Beauty therapist Zuzi Kam said there had been several incidents at the salon “where people have come in trying to nick expensive products” when staff are busy, or by using distraction as a cover for thefts.
“I’ve actually had clients come back and say to me: ‘Just FYI, we’ve seen somebody steal products when you were all very busy,'” Miss Kam explained, adding that other local businesses have had similar experiences.
Although staff have reported thefts in the past, she said the team “very rarely get a response” from the Met Police.
“I understand there probably are bigger crimes happening elsewhere and the Met is stretched – however, you would like to have some sort of a response,” she said.
Speaking about the Bobbies, Miss Kam said “it’s great that it’s finally come around”, adding: “I personally feel like we haven’t had as many issues recently.”
Ben Sheldrake added the Bobbies often encounter the same individuals with underlying factors like addiction or mental health issues
Ben Sheldrake, senior contract manager at My Local Bobby, said his team deals with “hundreds” of incidents on a weekly basis in the area – but it’s not just food being stolen.
“Things like makeup – that goes because it’s expensive, it’s small, its easy to move on,” he said.
“The Bobbies stay in the area they’re allocated to, and the big tactical advantage of that is that they’re more responsive.

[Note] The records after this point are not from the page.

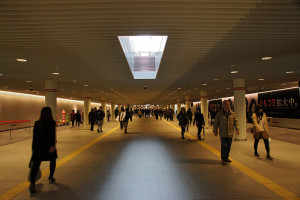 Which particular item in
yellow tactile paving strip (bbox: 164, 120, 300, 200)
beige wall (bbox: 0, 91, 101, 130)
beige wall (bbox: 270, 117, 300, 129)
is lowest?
yellow tactile paving strip (bbox: 164, 120, 300, 200)

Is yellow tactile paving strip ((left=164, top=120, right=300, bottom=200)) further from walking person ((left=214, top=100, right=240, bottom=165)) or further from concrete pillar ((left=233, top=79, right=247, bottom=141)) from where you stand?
concrete pillar ((left=233, top=79, right=247, bottom=141))

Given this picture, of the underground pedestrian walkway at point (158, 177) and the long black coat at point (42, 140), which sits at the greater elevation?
the long black coat at point (42, 140)

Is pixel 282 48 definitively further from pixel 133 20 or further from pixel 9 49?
pixel 9 49

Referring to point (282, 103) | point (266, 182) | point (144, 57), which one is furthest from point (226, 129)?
point (282, 103)

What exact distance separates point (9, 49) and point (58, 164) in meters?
4.17

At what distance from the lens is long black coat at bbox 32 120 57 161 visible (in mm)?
4852

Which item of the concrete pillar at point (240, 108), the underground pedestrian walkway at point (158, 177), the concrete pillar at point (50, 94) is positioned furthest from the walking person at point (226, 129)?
the concrete pillar at point (50, 94)

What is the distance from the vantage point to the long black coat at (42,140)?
485cm

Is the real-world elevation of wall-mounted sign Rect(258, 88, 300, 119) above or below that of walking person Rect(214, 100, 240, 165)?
above

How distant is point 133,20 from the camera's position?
516 cm

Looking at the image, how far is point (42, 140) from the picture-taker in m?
Result: 4.88

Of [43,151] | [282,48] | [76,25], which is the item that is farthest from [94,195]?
[282,48]

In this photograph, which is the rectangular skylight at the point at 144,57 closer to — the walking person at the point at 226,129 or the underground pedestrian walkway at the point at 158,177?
the walking person at the point at 226,129

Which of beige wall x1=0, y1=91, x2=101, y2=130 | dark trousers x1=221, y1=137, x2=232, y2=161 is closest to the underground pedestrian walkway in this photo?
dark trousers x1=221, y1=137, x2=232, y2=161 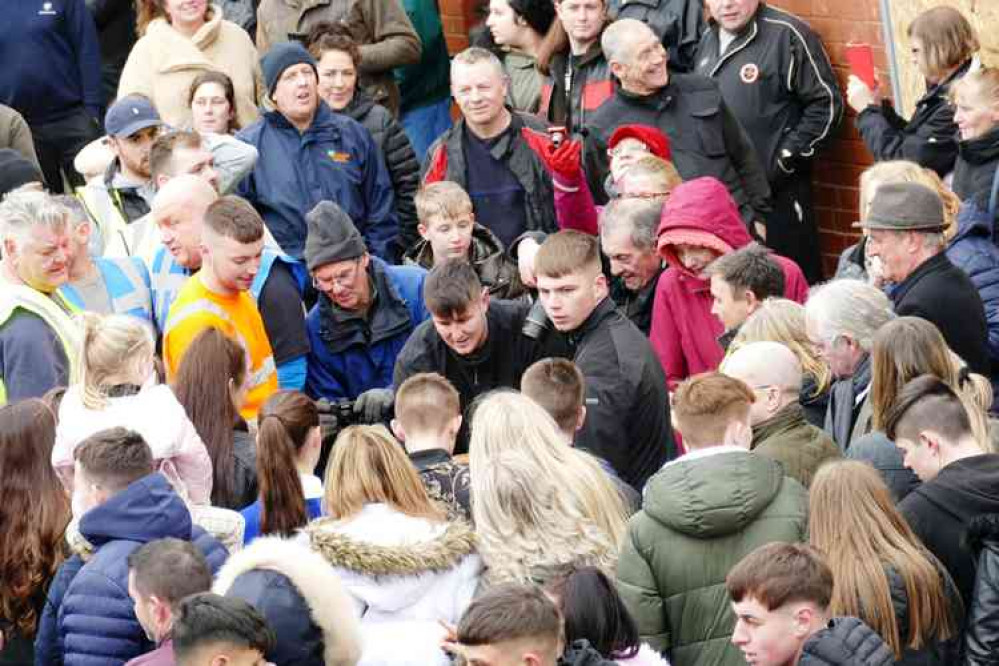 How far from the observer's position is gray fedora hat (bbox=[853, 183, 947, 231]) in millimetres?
7988

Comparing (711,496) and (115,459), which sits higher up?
(115,459)

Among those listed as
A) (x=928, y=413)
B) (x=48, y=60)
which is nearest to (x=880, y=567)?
(x=928, y=413)

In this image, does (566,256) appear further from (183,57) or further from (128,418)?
(183,57)

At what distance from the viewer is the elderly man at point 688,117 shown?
401 inches

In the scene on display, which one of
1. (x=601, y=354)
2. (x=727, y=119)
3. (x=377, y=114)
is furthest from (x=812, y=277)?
(x=601, y=354)

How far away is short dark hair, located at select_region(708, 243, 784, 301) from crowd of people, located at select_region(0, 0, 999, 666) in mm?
16

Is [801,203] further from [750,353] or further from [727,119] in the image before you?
[750,353]

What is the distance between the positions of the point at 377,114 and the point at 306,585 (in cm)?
593

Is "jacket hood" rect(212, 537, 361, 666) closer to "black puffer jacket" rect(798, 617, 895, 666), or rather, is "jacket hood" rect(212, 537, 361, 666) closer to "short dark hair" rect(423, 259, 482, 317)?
Answer: "black puffer jacket" rect(798, 617, 895, 666)

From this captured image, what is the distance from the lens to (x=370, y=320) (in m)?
8.88

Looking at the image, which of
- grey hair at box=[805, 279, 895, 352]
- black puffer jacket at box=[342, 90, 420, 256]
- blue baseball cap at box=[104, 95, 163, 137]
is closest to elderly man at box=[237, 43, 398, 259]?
black puffer jacket at box=[342, 90, 420, 256]

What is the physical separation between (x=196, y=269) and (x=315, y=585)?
12.1 ft

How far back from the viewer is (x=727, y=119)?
33.7 ft

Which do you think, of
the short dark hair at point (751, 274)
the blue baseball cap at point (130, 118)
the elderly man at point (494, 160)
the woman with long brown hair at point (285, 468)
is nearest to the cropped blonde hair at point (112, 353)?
→ the woman with long brown hair at point (285, 468) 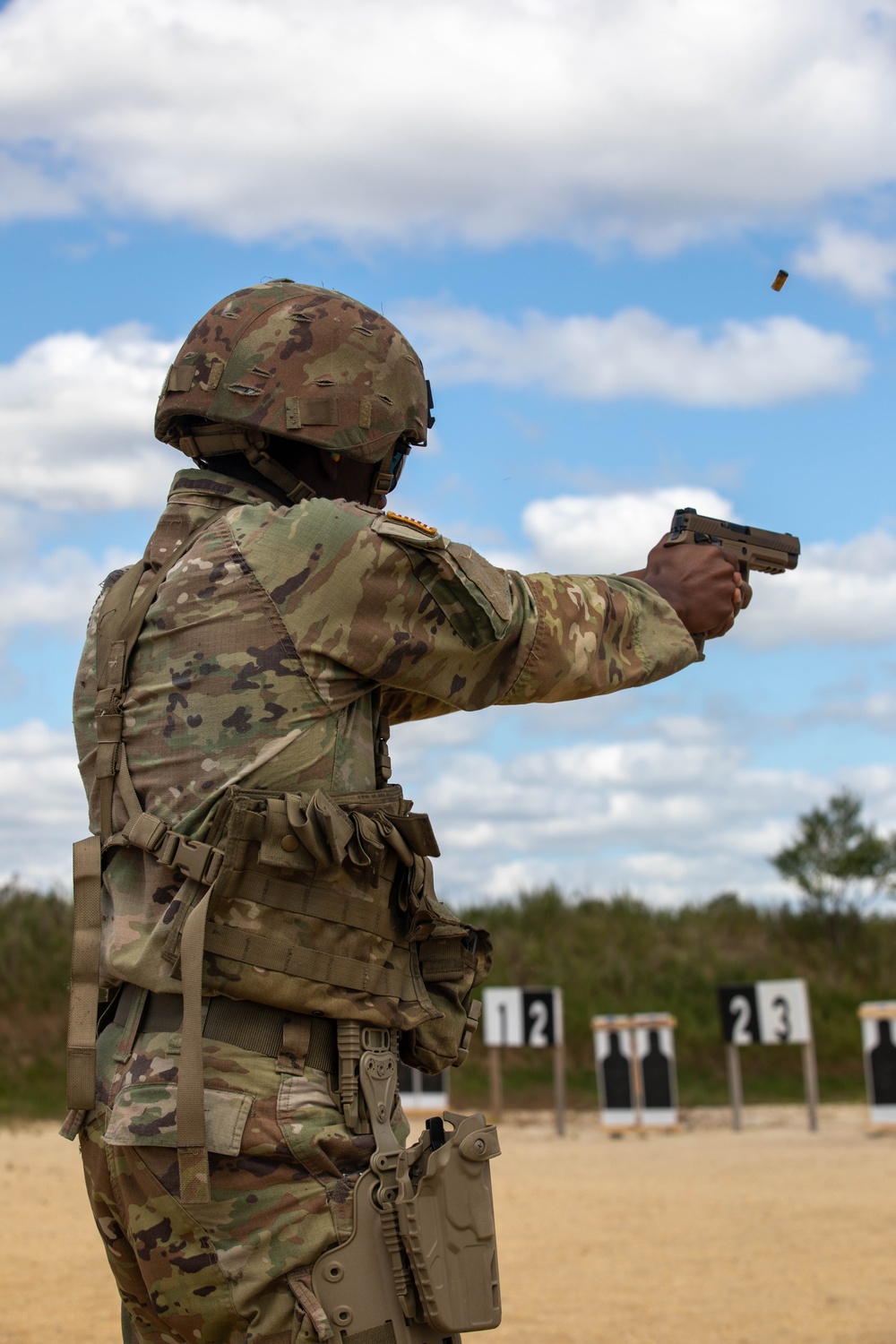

“It has a real impact because if your routine involves anti-social behaviour, any sort of appropriation, and you’ve got people literally approaching you on a regular basis in areas where you’re criminally operating… that introduces a real problem for you and you have to consider what you’re doing.”
Defending the spread of private security services, he said: “If an institution fails or is struggling, or a gap is created, traditionally private business is the next solution.
“There’s a lot of eyes on (the Bobbies), and we are a business so we have service agreements, contractual understandings, oversight with the people that we work for.”
Mr Dyson said the Bobbies have been working with the Met to find ways of sharing information.
Asked whether he thought services like the Bobbies might create a two-tier policing system, Mr Dyson replied: “I’ve never been one to say, just because one area can have something and one area can’t, nobody should have it – I don’t think that’s progress.”
What do the numbers say?
The growth of private security in the capital comes amid a rise in retail crime incidents like shoplifting, which has increased by more than a fifth in the 12 months to April.
It follows other signs Met Police resources might be increasingly stretched – including an announcement from the force that it would no longer attend most mental health calls, and warnings by the police watchdog for England and Wales that burglary, robbery and theft victims are not being given the justice they deserve due to a poor response by police forces.
What do people think?
Sinead Hunter said: “I have never felt unsafe in the area, I was completely unaware there was a need for a policy like that”
Sinead Hunter said she was “not against” the idea of the Bobbies but as she is “not a store owner; I don’t experience shoplifting”.
“I think it depends on the individuals they recruit,” she explained. “If you are not careful enough and are not filtering a specific kind of person then things can go wrong.”
Sarah Byrne asked: “Why don’t they go back to security guards in shops?”
Sarah Byrne said she doesn’t think “it’s the best idea” but wasn’t sure officers had time to attend incidents like shoplifting, adding: “They’re probably very busy.”
“I think to have a separate police force possibly could lead to other things – that people would say ‘we need to stop this, we need to stop that’.”
What does the Met Police say?
A spokesperson from the force said: “Individuals and businesses are entitled to employ security companies to provide additional safety for themselves or their premises; this is not a new development.
“The Met works closely with these companies, and through safer neighbourhood teams with partners such as BIDs and local businesses.”